Hi,
this is starting to be really exciting. It seems to me that there is
either something wrong with my definition of "Unified model" or with how
it is implemented inside (at least) Direct and Flink Runners.
So, first what I see as properties of Unified model:
a) streaming semantics (i.e. what I can express using Transforms) are
subset of batch semantics
- this is true, batch semantics and streaming semantics differs only
in that I can have GlobalWindow with default trigger on batch and cannot
on stream
b) runtime conditions of batch have to be subset of streaming conditions
- this is because otherwise it might be intractable to run streaming
pipeline on batch engine
- generally this is also true - in batch mode watermark advances only
between two states (-inf and +inf), which makes it possible to turn
(most) stateful operations into group by key operations, and take
advantage of many other optimizations (ability to re-read inputs make it
possible to drop checkpointing, etc, etc)
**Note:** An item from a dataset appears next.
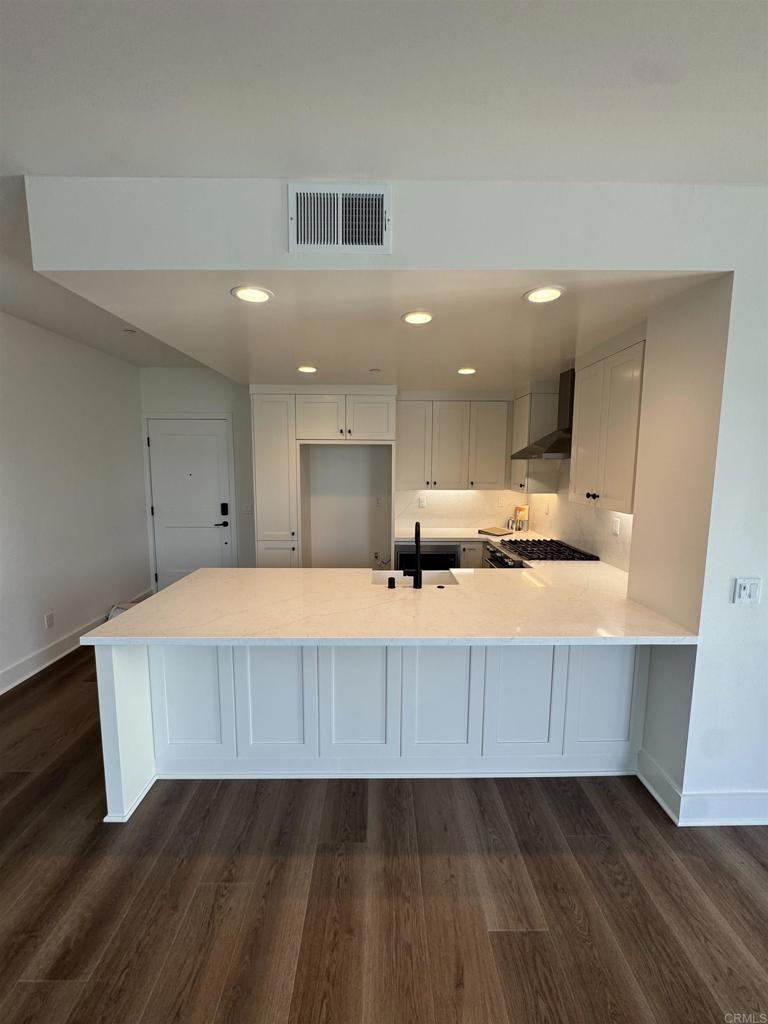 1105 Catania Court 201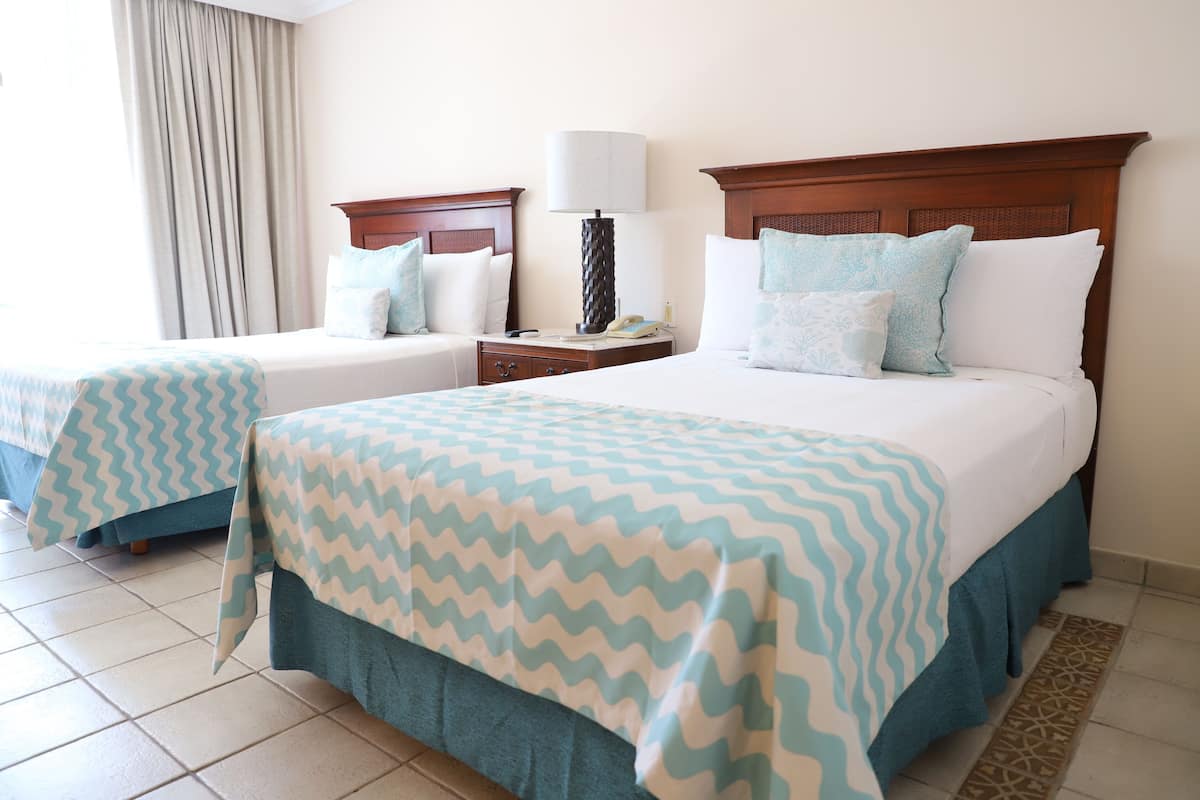 In-room safe, iron/ironing board, free WiFi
Now there is also one not so obvious runtime condition of streaming
engines - that is how skewed watermark and event time of elements being
processed can be - if this gets too high (i.e. watermark is not moving,
and/or elements are very out-of-order, then the processing might become
intractable, because everything might have to be buffered).
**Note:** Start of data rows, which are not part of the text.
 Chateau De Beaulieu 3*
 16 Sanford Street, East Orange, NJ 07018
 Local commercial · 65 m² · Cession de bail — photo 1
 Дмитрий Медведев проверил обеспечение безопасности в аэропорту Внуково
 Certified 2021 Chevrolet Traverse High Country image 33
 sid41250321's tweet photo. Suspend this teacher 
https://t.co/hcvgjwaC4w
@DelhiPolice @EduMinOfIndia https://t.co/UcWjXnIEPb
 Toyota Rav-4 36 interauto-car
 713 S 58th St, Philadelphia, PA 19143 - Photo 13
On batch engines, this is generally not an issue, because the buffering
is eliminated by sorting - when a Group by operation occurs, batch
runners sort elements with the same key to be together and therefore
eliminate the need for potentially infinite cache.
When this turns out to be an issue, is whenever there is a stateful
ParDo operation, because then (without sorting) there is violation of
property b) - on streaming engine the difference between element
timestamp and watermark will tend to be generally low (and late events
will be dropped to restrict the size of buffers), but on batch it can be
arbitrarily large and therefore size buffers that would be needed is
potentially unbounded.
This line of thinking leads me to a conclusion, that if Beam doesn't (on
purpose) sort elements before stateful ParDo by timestamp, then it
basically violates the Unified model, because pipelines with stateful
ParDo will not function properly on batch engines. Which is what I
observe - there is non determinism on batch pipeline although everything
seems to be "well defined", elements arrive arbitrarily out of order and
are arbitrarily out of order dropped. This leads to different results
everytime batch pipeline is run.
Looking forward to any comments on this.
Jan
On 5/16/19 10:53 AM, Aljoscha Krettek wrote:
Please take this with a grain of salt, because I might be a bit rusty on this.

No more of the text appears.